Analytical estimates for the E-field derivatives ∂Ez/∂Vj and ∂Ex/∂Vj due to the plunger and μ-compensating voltages Vq and Vμ, as a function of longitudinal position x, close to the MOS interface, are plotted in Fig. 3e, with simulation details given in Supplementary Note 3. The estimated values of the Ez-gradient at site q, together with a conservative figure of ∂g/∂Ez = ± 1 × 10−3 (MV/m)−1 suggest a required voltage shift dVq = 615 V × δgq. For example, a target Stark shift δgπ = ± 3.6 × 10−5, would require the dc bias on the gate to be shifted dVq = ± 22 mV. The corresponding change in μq can be compensated with the μ-compensating gate, by setting the voltage dVμ ≈ − αqq/αqμdVq, where αij is the lever arm between QD at site i and gate j (see Supplementary Note 3).

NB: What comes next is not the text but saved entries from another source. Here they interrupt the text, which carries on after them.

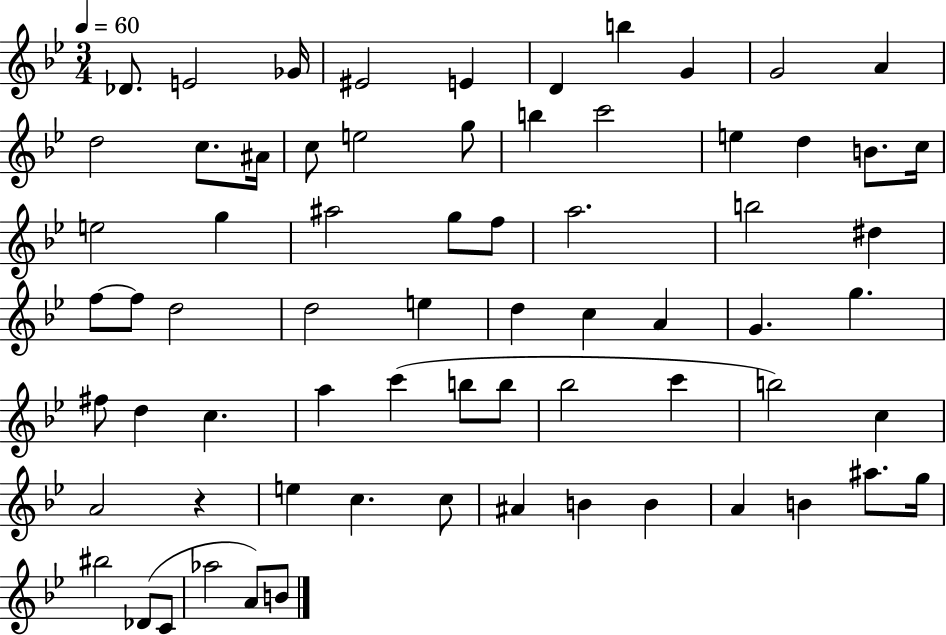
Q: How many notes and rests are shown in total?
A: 69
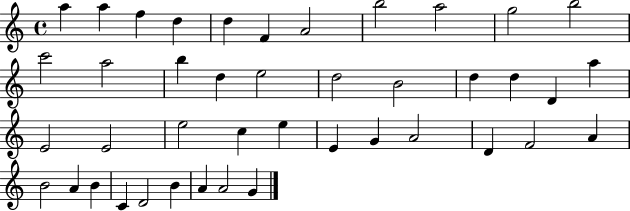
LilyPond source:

{
  \clef treble
  \time 4/4
  \defaultTimeSignature
  \key c \major
  a''4 a''4 f''4 d''4 | d''4 f'4 a'2 | b''2 a''2 | g''2 b''2 | \break c'''2 a''2 | b''4 d''4 e''2 | d''2 b'2 | d''4 d''4 d'4 a''4 | \break e'2 e'2 | e''2 c''4 e''4 | e'4 g'4 a'2 | d'4 f'2 a'4 | \break b'2 a'4 b'4 | c'4 d'2 b'4 | a'4 a'2 g'4 | \bar "|."
}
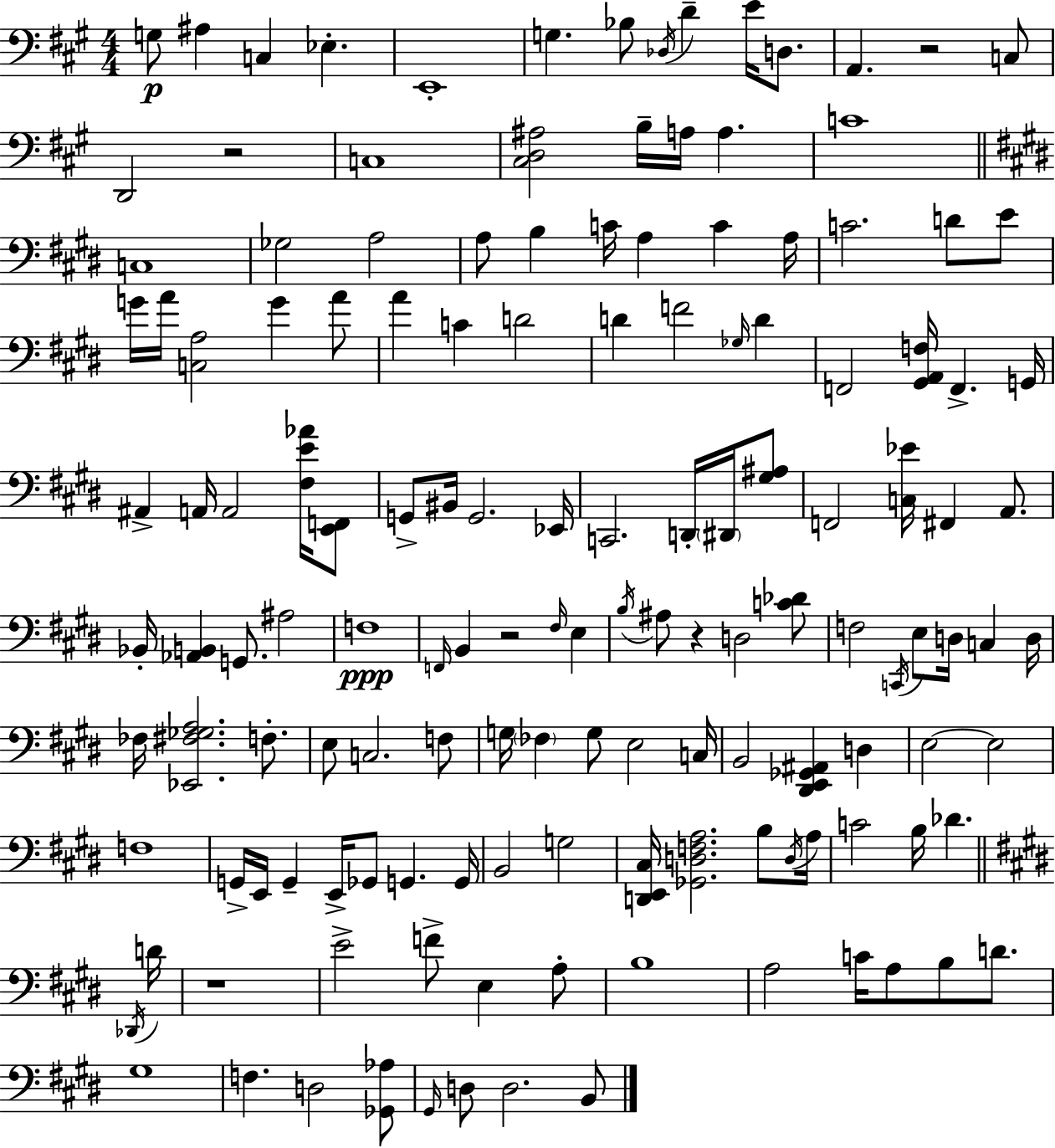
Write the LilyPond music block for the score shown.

{
  \clef bass
  \numericTimeSignature
  \time 4/4
  \key a \major
  \repeat volta 2 { g8\p ais4 c4 ees4.-. | e,1-. | g4. bes8 \acciaccatura { des16 } d'4-- e'16 d8. | a,4. r2 c8 | \break d,2 r2 | c1 | <cis d ais>2 b16-- a16 a4. | c'1 | \break \bar "||" \break \key e \major c1 | ges2 a2 | a8 b4 c'16 a4 c'4 a16 | c'2. d'8 e'8 | \break g'16 a'16 <c a>2 g'4 a'8 | a'4 c'4 d'2 | d'4 f'2 \grace { ges16 } d'4 | f,2 <gis, a, f>16 f,4.-> | \break g,16 ais,4-> a,16 a,2 <fis e' aes'>16 <e, f,>8 | g,8-> bis,16 g,2. | ees,16 c,2. d,16-. \parenthesize dis,16 <gis ais>8 | f,2 <c ees'>16 fis,4 a,8. | \break bes,16-. <aes, b,>4 g,8. ais2 | f1\ppp | \grace { f,16 } b,4 r2 \grace { fis16 } e4 | \acciaccatura { b16 } ais8 r4 d2 | \break <c' des'>8 f2 \acciaccatura { c,16 } e8 d16 | c4 d16 fes16 <ees, fis ges a>2. | f8.-. e8 c2. | f8 g16 \parenthesize fes4 g8 e2 | \break c16 b,2 <dis, e, ges, ais,>4 | d4 e2~~ e2 | f1 | g,16-> e,16 g,4-- e,16-> ges,8 g,4. | \break g,16 b,2 g2 | <d, e, cis>16 <ges, d f a>2. | b8 \acciaccatura { d16 } a16 c'2 b16 des'4. | \bar "||" \break \key e \major \acciaccatura { des,16 } d'16 r1 | e'2-> f'8-> e4 | a8-. b1 | a2 c'16 a8 b8 d'8. | \break gis1 | f4. d2 | <ges, aes>8 \grace { gis,16 } d8 d2. | b,8 } \bar "|."
}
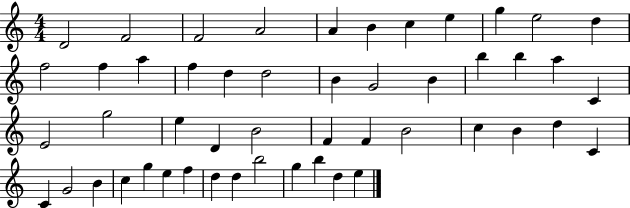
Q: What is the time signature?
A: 4/4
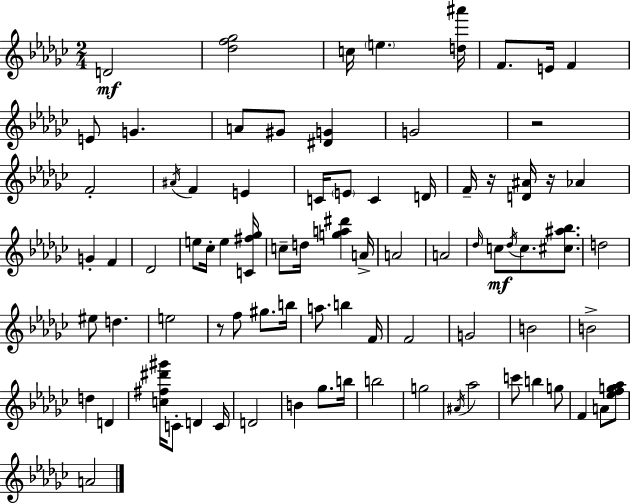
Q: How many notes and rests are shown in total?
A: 82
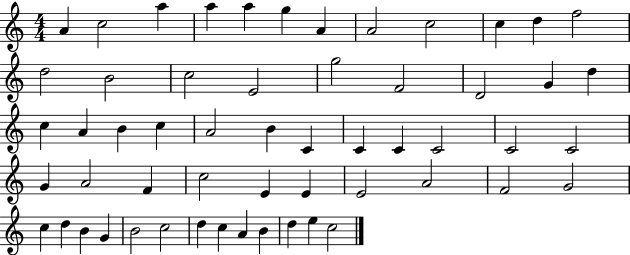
A4/q C5/h A5/q A5/q A5/q G5/q A4/q A4/h C5/h C5/q D5/q F5/h D5/h B4/h C5/h E4/h G5/h F4/h D4/h G4/q D5/q C5/q A4/q B4/q C5/q A4/h B4/q C4/q C4/q C4/q C4/h C4/h C4/h G4/q A4/h F4/q C5/h E4/q E4/q E4/h A4/h F4/h G4/h C5/q D5/q B4/q G4/q B4/h C5/h D5/q C5/q A4/q B4/q D5/q E5/q C5/h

We evaluate the sensitivity of this Z(φq) gate to noise using the so-called process fidelity65 between an ideal and a noisy unitary gate, for the case of τ1Q = 1.0 μs and B0 = 1.0 T. We sample a value for Gq from a normal distribution with width σG set to 10−3gSi, and use it to find δgq (Eq. (1)) to hit φq = π for an ideal gate. For the noisy gate, we consider shuttling time errors of magnitude δτ that lead to gate time errors, and fluctuations in the gate voltage, δVq, which lead to impacts in the g-factor according to δgq = δVq/615 V. For example, shuttling time error is thus assumed to change the gate time from τ1Q to τ1Q + δτ. These noise contributions δτ and δVq are also sampled from normal distributions with varying widths of στ and σV, respectively.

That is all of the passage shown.